If enacted, S.J.Res.50 would nullify DOE’s Oct. 9, 2024 rule on certification, labeling and enforcement and bar reissuance under the Congressional Review Act, altering compliance plans across the appliance sector.

The Brief

S.J.Res.50 is a Congressional Review Act resolution that disapproves and declares void a Department of Energy rule titled “Energy Conservation Program for Appliance Standards: Certification Requirements, Labeling Requirements, and Enforcement Provisions for Certain Consumer Products and Commercial Equipment” (89 Fed. Reg. 81994 (Oct. 9, 2024)).

The joint resolution states that the named rule "shall have no force or effect."
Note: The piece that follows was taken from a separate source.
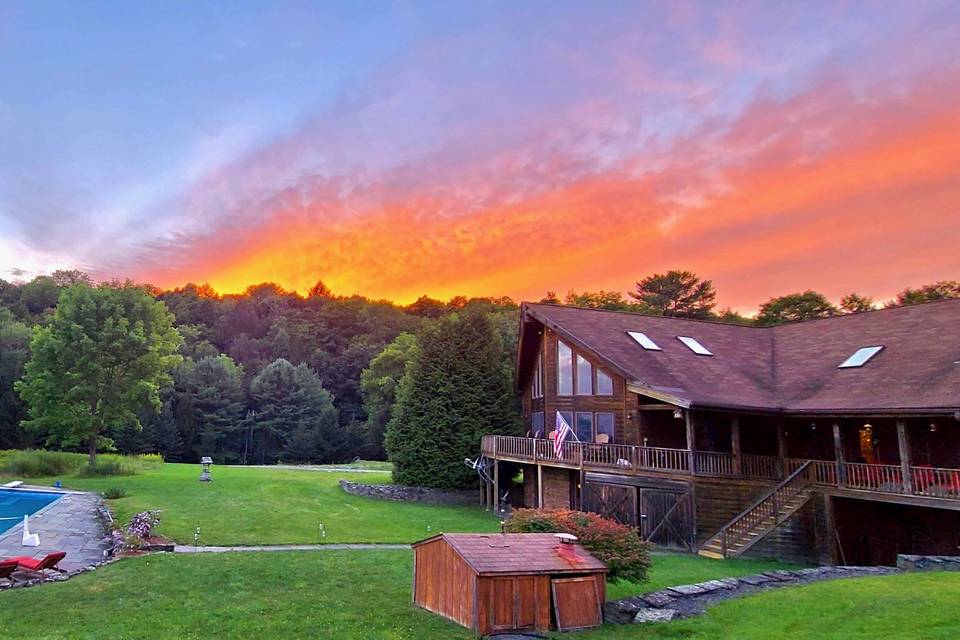 Chalet log home with pool spa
That legal nullification would remove the specific certification, labeling and enforcement requirements established by the October 2024 DOE rule and would, under the statutory framework of chapter 8 of title 5 (the CRA), constrain the Department’s ability to promulgate a substantially similar rule in the future without a new act of Congress. The change would immediately reshape compliance obligations for manufacturers, importers, test laboratories, retailers, and state energy programs that were preparing to implement the DOE requirements.

At a Glance

What It Does

The resolution disapproves a DOE rule published Oct. 9, 2024 (89 Fed. Reg. 81994) under chapter 8 of title 5, U.S. Code (the Congressional Review Act) and declares that the rule "shall have no force or effect." If enacted, the CRA framework also prevents the agency from issuing a new rule in substantially the same form unless Congress authorizes it by law.

Who It Affects

Primary targets are appliance and commercial equipment manufacturers, importers, third-party test labs, retailers, and DOE enforcement staff. State energy offices and utilities that rely on federal labeling and certification schemes for compliance monitoring will also be affected.

Why It Matters

This resolution uses the CRA to remove a technical, implementation-focused DOE rule rather than changing statutory efficiency standards. That combination—nullifying an administrative implementation while leaving the underlying statute intact—creates immediate compliance uncertainty and constrains the agency’s regulatory toolbox for enforcing appliance standards.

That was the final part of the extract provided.